■ **Data for the task**
---------------
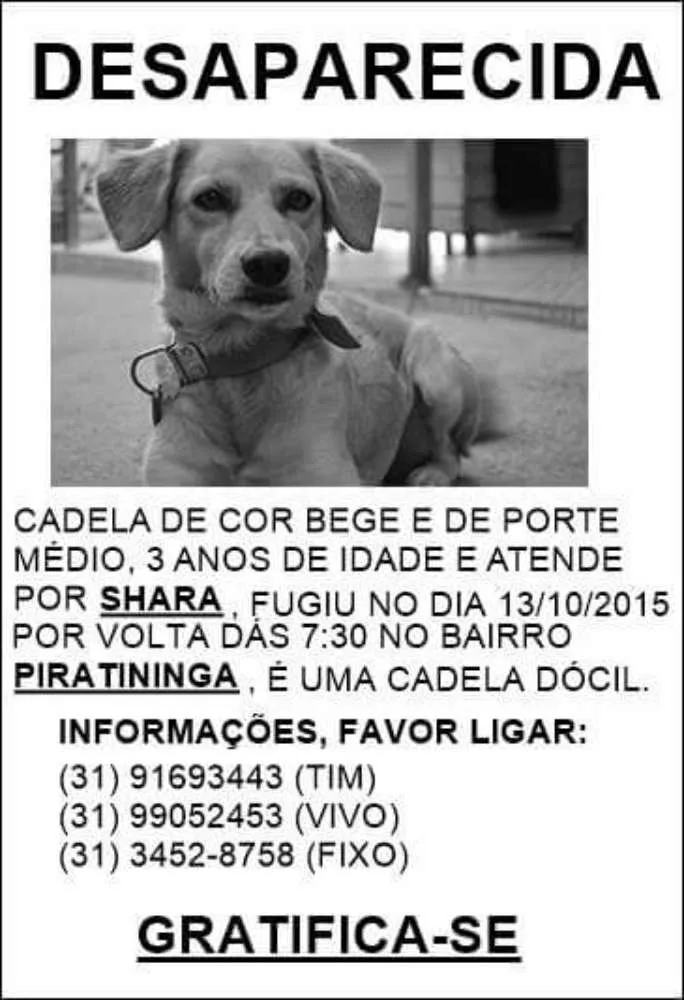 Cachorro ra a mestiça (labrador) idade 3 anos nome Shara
---------------
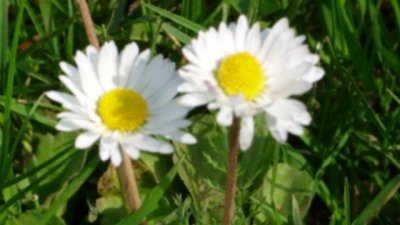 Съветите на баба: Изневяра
---------------
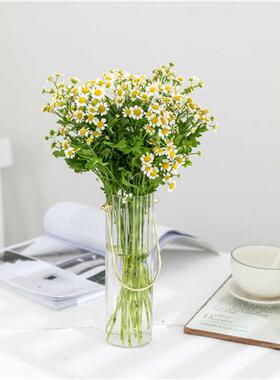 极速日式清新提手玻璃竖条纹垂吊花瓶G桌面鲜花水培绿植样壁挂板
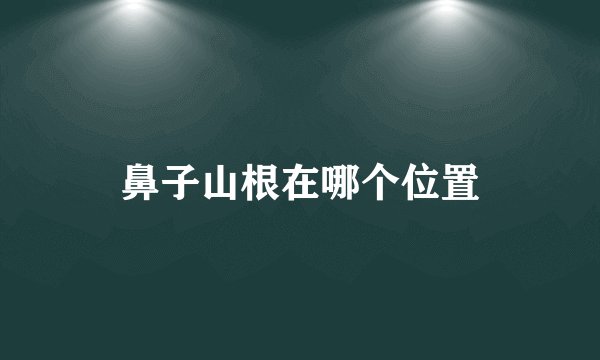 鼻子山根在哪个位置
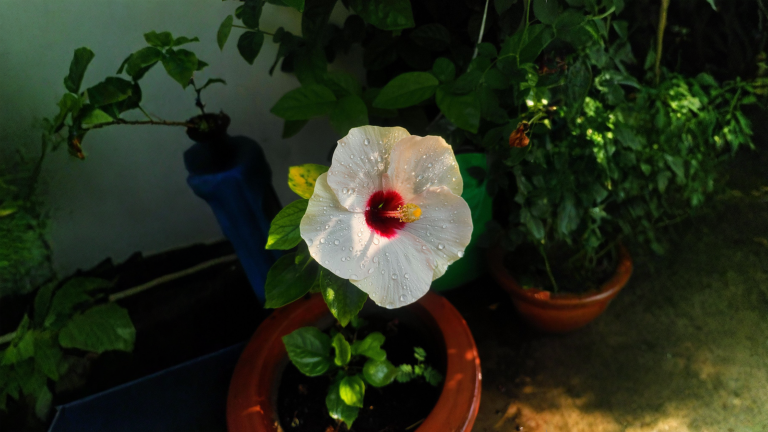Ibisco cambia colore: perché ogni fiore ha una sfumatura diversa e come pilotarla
---------------
■ **Problem details**
Reproduce the lines above starting at the one with "极速日式清新提手玻璃竖条纹垂吊花瓶G桌面鲜花水培绿植样壁挂板" and ending at the one with "Ibisco cambia colore: perché", both included, exactly and with no pictures.

■ **Output of the task**
 极速日式清新提手玻璃竖条纹垂吊花瓶G桌面鲜花水培绿植样壁挂板
 鼻子山根在哪个位置
Ibisco cambia colore: perché ogni fiore ha una sfumatura diversa e come pilotarla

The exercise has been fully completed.